PROBLEM TO SOLVE » Begin at the line containing "ca581fe420195ee280cae794036238bc.jpg" and give again every line to the end of the records, exactly, without the pictures.

Web page caption snippets »
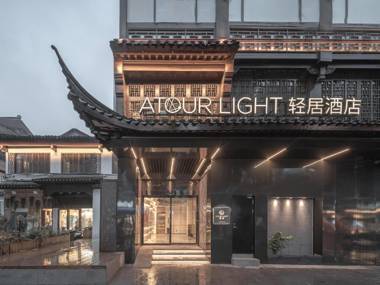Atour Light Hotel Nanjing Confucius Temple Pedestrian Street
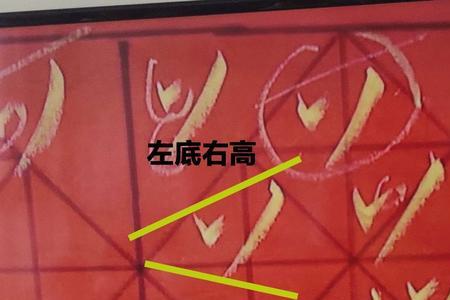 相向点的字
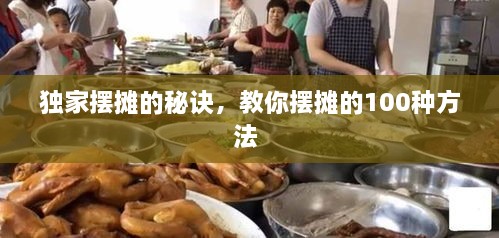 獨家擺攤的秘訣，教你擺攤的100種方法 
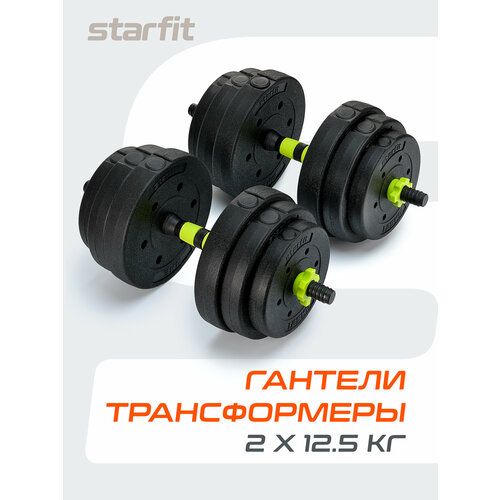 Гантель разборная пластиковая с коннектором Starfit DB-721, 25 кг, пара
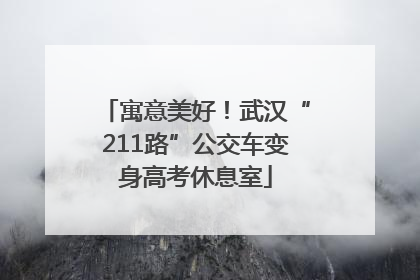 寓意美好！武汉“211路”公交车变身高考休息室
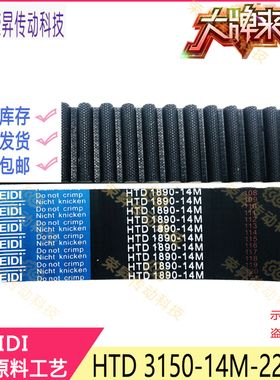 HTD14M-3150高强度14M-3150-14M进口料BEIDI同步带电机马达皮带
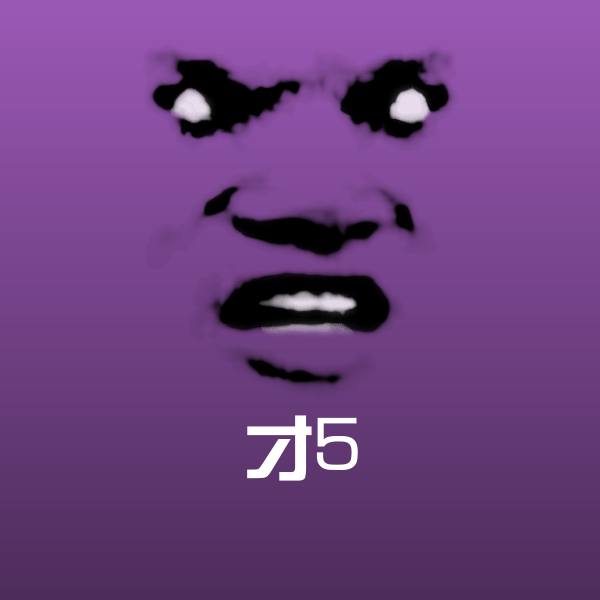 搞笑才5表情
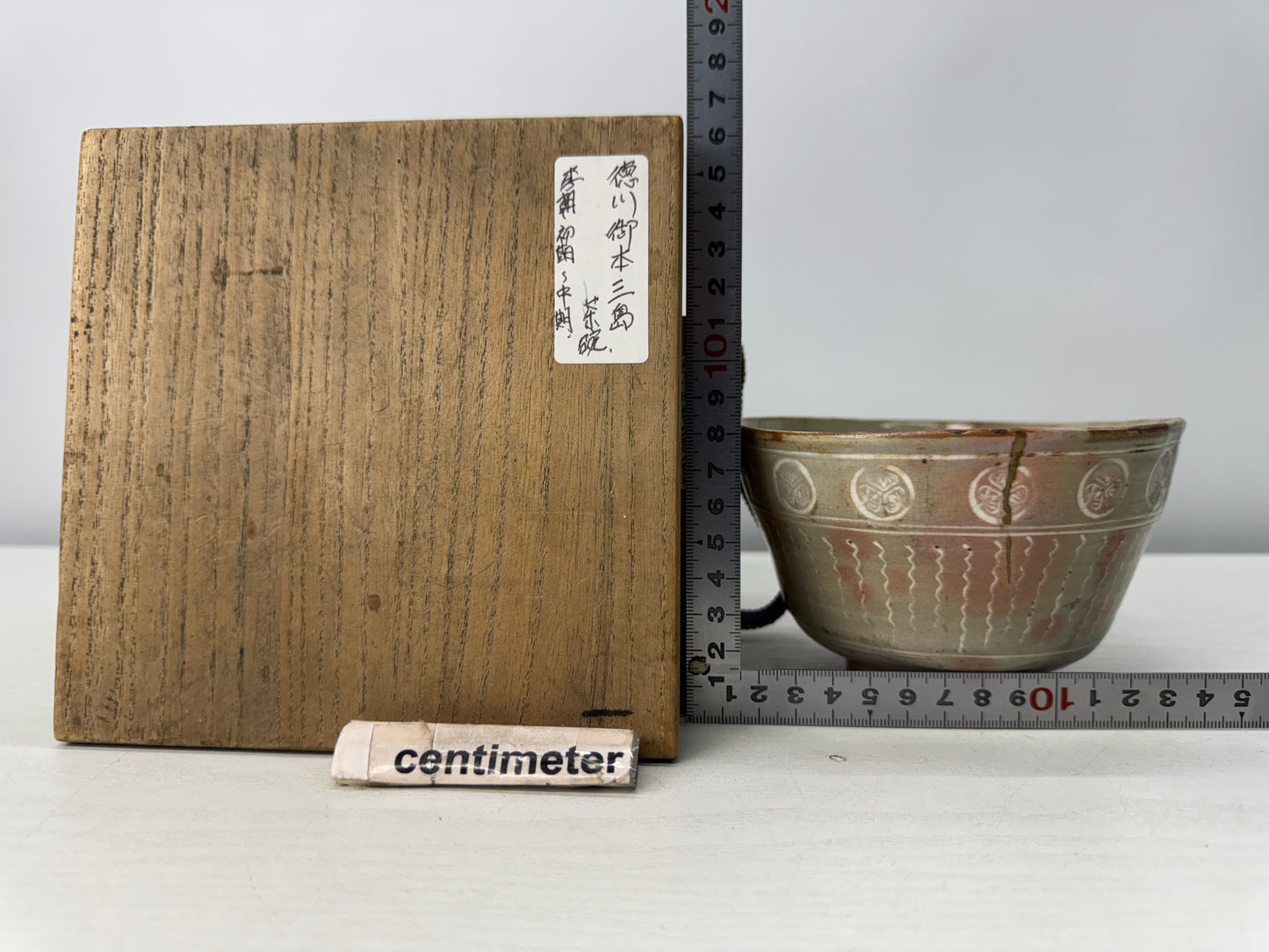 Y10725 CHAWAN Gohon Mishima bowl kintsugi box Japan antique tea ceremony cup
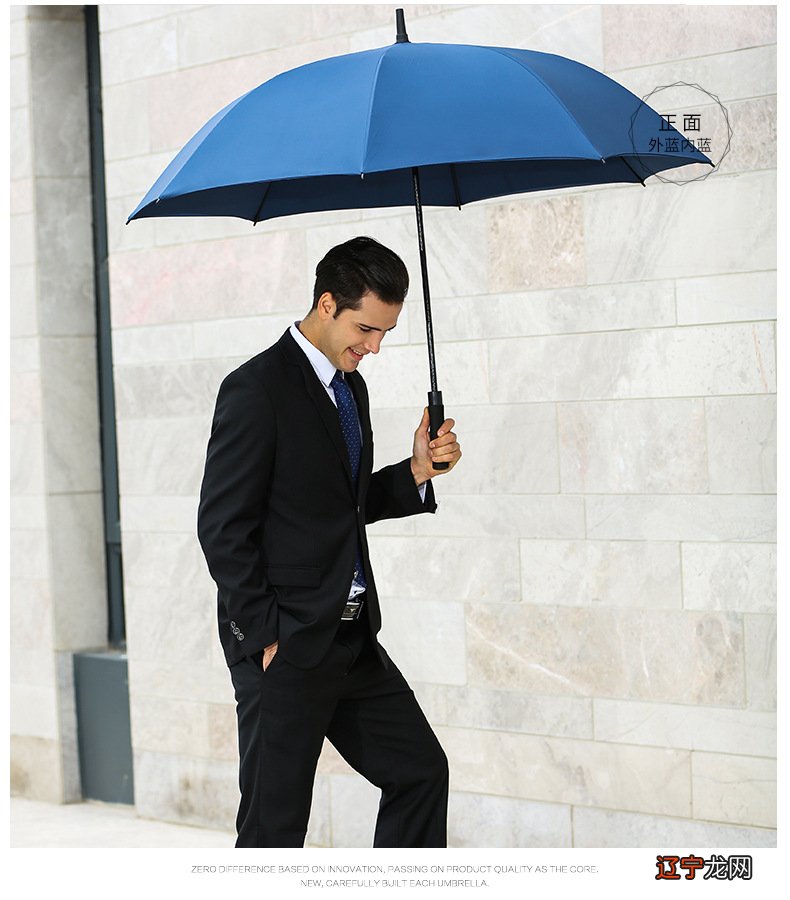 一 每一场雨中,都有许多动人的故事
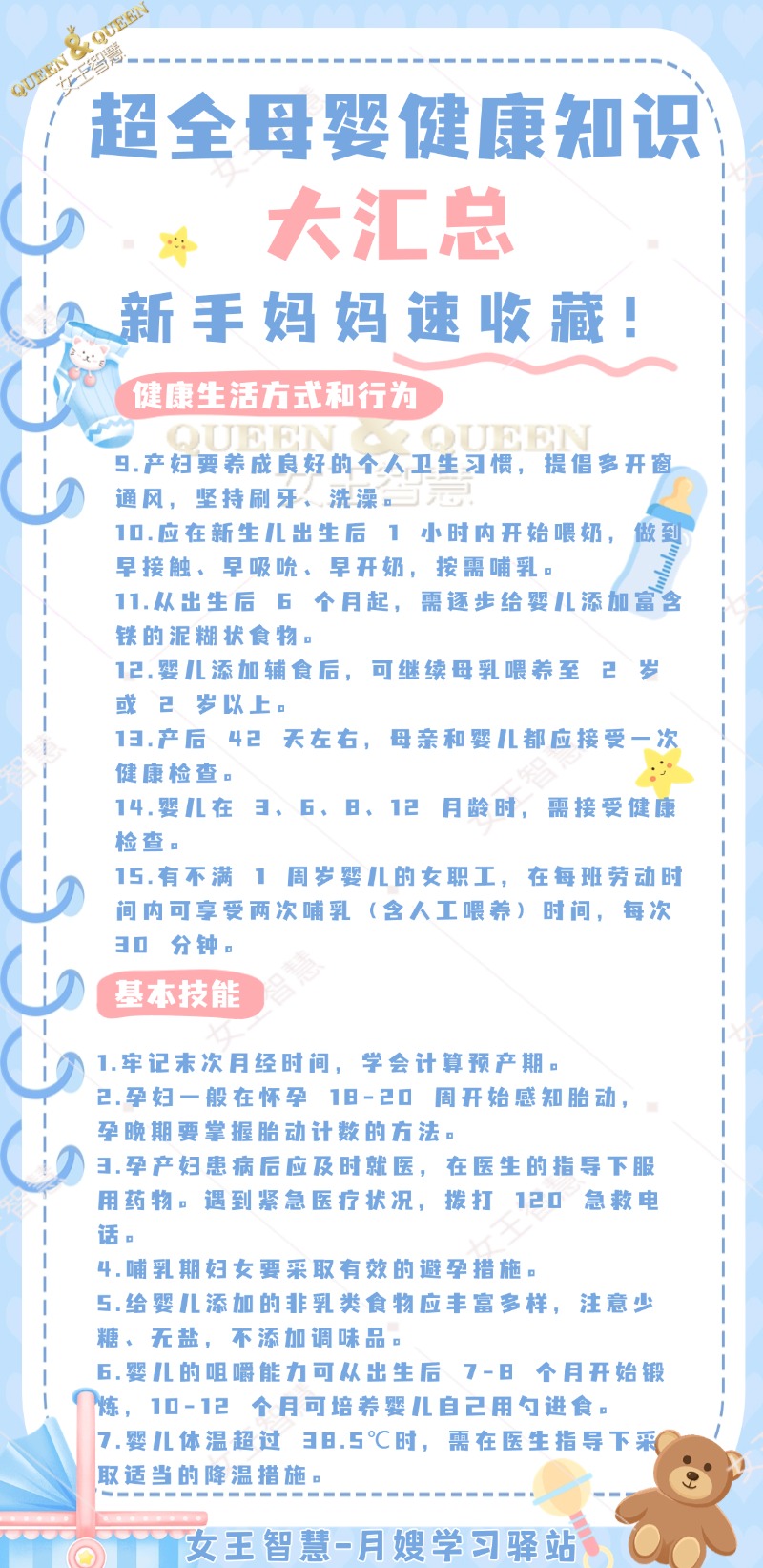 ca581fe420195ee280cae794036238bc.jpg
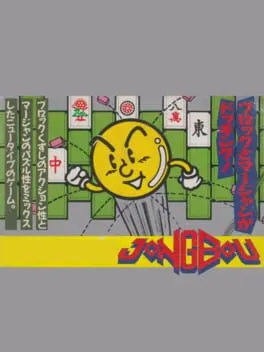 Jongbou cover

WRITTEN ANSWER »
 ca581fe420195ee280cae794036238bc.jpg
 Jongbou cover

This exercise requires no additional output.